By: Penny Barnes
According to Big Commerce, “astroturfing has been attempted by online businesses who present a product as being highly desired and sought out by a certain customer base via company-sponsored message board posts, blogs or articles when there is no evidence to support such an assertion.” This term plays onto the term “grass roots movement” since the information being provided is fake, they named it “astroturfing.” There have been cases that companies will leave false reviews on a product to endorse their own product and support it by leaving a positive review. As a consumer, this is an unethical of the company to engage in “astroturfing.”
Frequent customers of Amazon have reported that they often receive packages that they did not order. The Amazon package scam is called, “brushing” and the scheme involves some privacy risks and the danger is present. A recent article written by Theo Thimou in 2019 was published on Clark.com to raise awareness of this Amazon scam. The article provides information discussing how this even happens to consumers, and why. This scam means that your name, shipping address and possible phone number has been compromised.

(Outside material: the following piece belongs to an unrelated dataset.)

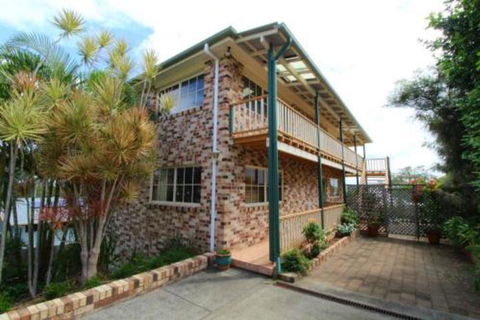 Amzaz 15 Korogora Street - Sunshine Coast Guide 2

It all started in Massachusetts, when a couple received an unwanted phone charging hand warmer. CBS News reported this incident and quoted Kelly explaining what happened to her and her husband, “I went out and picked up the package and Mike’s name was on it. I opened it up and I said, ‘What did you buy this stuff for?’ And he said, ‘I didn’t buy that!'” Kelly told CBS News correspondent Jericka Duncan. It was also reported that there was “no return address for this product,” so the couple took to the media to express their concerns when Michael said, “It indicates that information that’s very close to us, about us is out there circulating around the world.”

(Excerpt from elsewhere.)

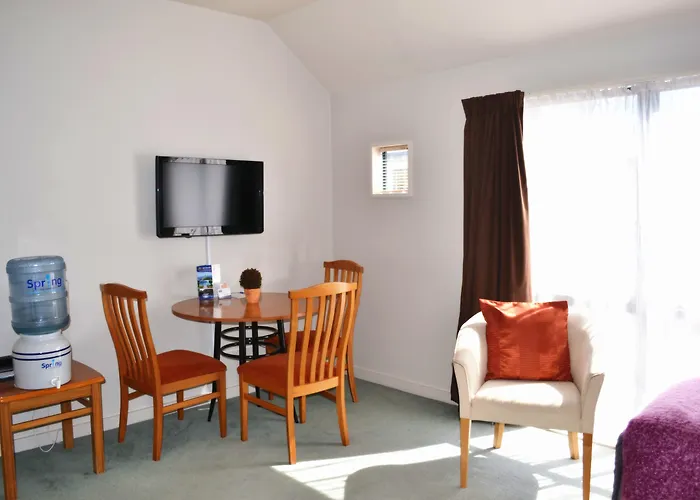 Motel: Bush Inn Court Motel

But, what is really going on when you receive these unwanted and unordered packages? This allows the seller to pose as a verified purchase to that they can use the review system to review their own product. When a product receives positive reviews, it pushes it up higher on the Amazon search list.
As a consumer of Amazon, it makes it hard to believe what is accurate and what is false information. Astroturfing is extremely unethical and loses trust between the consumer and a company like Amazon. Especially with third party sellers, it will be hard to identify which reviews are true, and which are posed comments.